There's memory bandwidth and there's memory transaction thruput

Wed Feb 10 18:24:59 UTC 1999

>Jan Bottorff wrote:
>>I suspect all processors with paged virtual memory have these issues. Some
>>processors do have much larger caches (direct connection with processor
>>price?). I also suspect the processor designers tend to run processor
>>simulations of typical C/C++ programs, and it would be a real eye opener
>>for them to see the access patterns of a Smalltalk system. Designers of 12
>>pipeline stage processors (like the Pentium II) have obviously not
>>optimized for execution environments that get a branch prediction miss
>>every bytecode (flushing the execution pipeline every 5-10 instructions).

At 08:02 PM 2/9/99 -0600, Tim Olson wrote:
>Back when I was designing PowerPC processors at Apple, we paid great 
>attention to the "ugly" code that made up much of the typical MacOS stuff 
>(including 68K emulation).  We took multi-megabyte traces of Applications 
>and OS code, and analyzed them.  This stuff had branches an average of 1 
>every 4-5 instructions, and deep pipelines w/ branch prediction didn't 
>help much.

For what it is worth, benchmarks taken on Sparc processors
years ago (of SPEC 92 or 89, written in C and Fortran, with relatively
competent compilers) yielded similar numbers, especially in
hot inner loops.  Be very careful when someone quotes you "average"
numbers -- find out if they are talking about median, mode, or mean.
The median and mode are similar, about 4 or 5 instructions, often
in nasty data-dependent blocks of the form:

  data-dependent load that might be "illegal"
  arithmetic based on result of load
  comparison with some quantity in a register
  conditional branch to a similar block.

Smalltalk has no monopoly on this sort of glop.

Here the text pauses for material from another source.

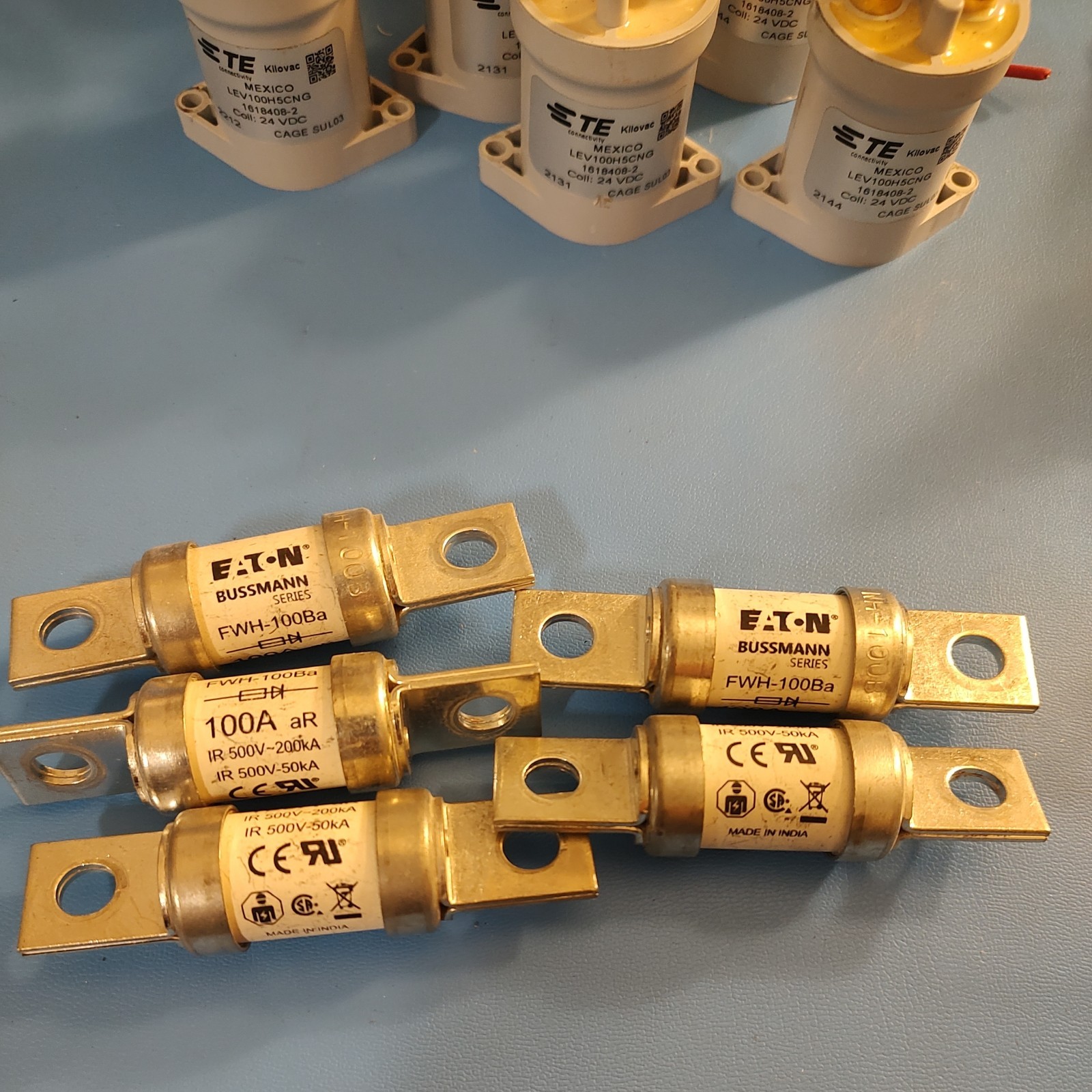 Lot of 5 BUSSMANN FWH-100B 100A 500V 50-200KA *TESTED GOOD* 5 Fuses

There were changes made in Sparc version 9 that were intended
to help compilers with these problems, but they only go so far.

Note that if you are talking about the "mean" block length
among "hot blocks", the Fortran codes tend to skew the average
towards huge numbers (One benchmark, fppp[p?], has an inner loop
with thousands of instructions in a single basic block), and
that Fortran codes are often very amenable to latency-hiding
or latency-avoiding optimizations not often applied to C or C++.
These optimizations aren't that useful in Smalltalk or Java
either, except perhaps within the garbage collector.

Pat Caudill wrote:
> There was a paper about this at ISMM '98 which preceeded the last OOPSLA. 
> See the paper by Chilimbi and Larus. It worked well for C++ but not as 
> well with Java because the larger object headers filled the cache lines 
> as I remember.

Given that Java object headers need only be two words long for many
systems, how does this compare with C++, which often pays both a
malloc overhead (depends on the allocator, it can be zero, but it
is often two words) and a VTBL pointer overhead (at least one word,
more if there is tricky inheritance going on)?

People talk about implementation characteristics as if they were
measuring the gravitational constant or the speed of light, and
that's just plain wrong.

David Chase
NaturalBridge LLC